Exercise objective> Only the pictures are dropped; the lines of the material that follow are returned exactly.
--- Given data ---
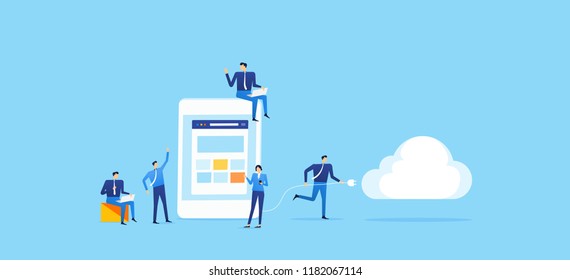 team business develop application on mobile and connect to cloud computing service concept 
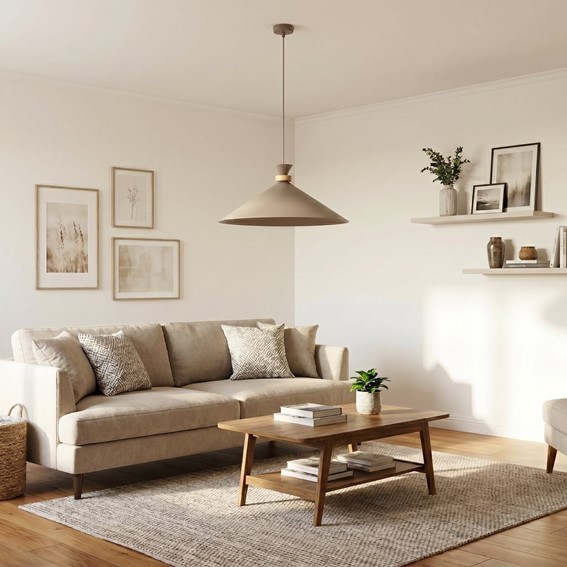 Lampa Wisząca OLIVO 1L Beżowy
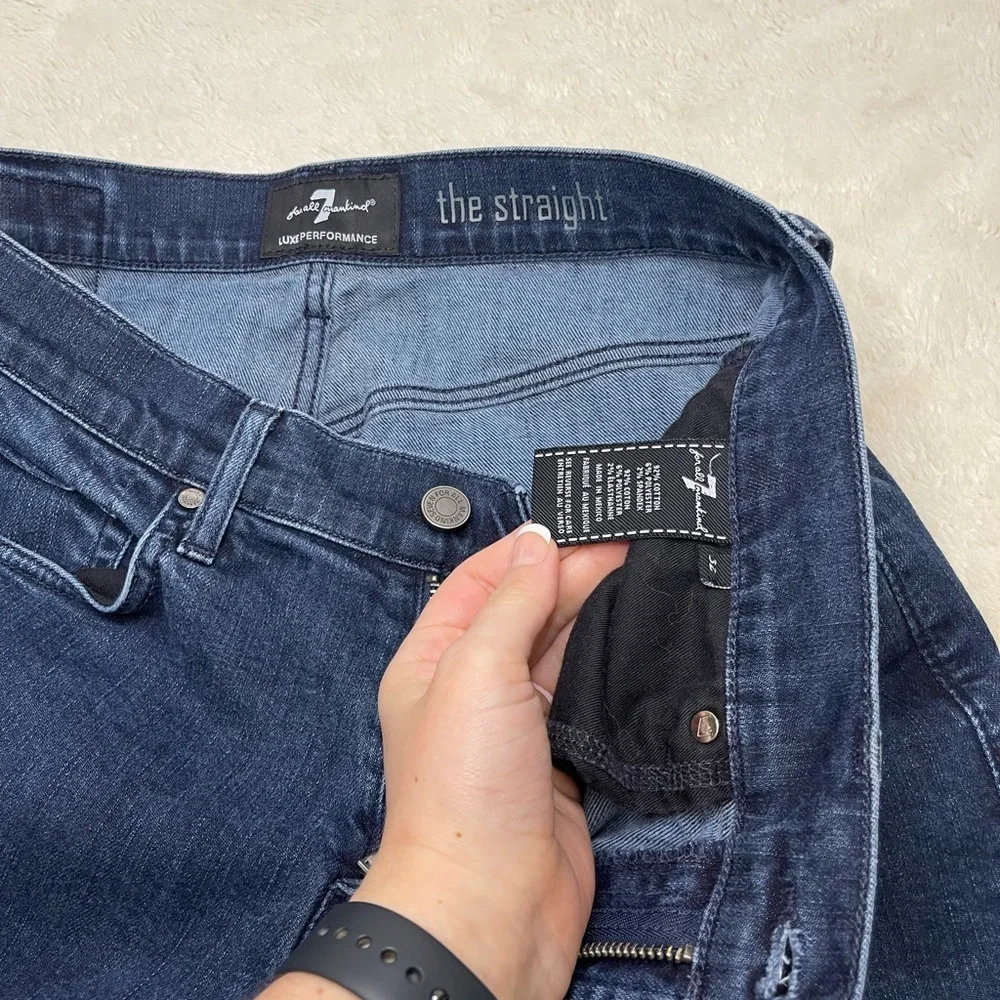7 For All Mankind Jeans 32 Straight Leg Luxe Performance Stretch Denim - Picture 6 of 8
---
Answer section>
 team business develop application on mobile and connect to cloud computing service concept 
 Lampa Wisząca OLIVO 1L Beżowy
7 For All Mankind Jeans 32 Straight Leg Luxe Performance Stretch Denim - Picture 6 of 8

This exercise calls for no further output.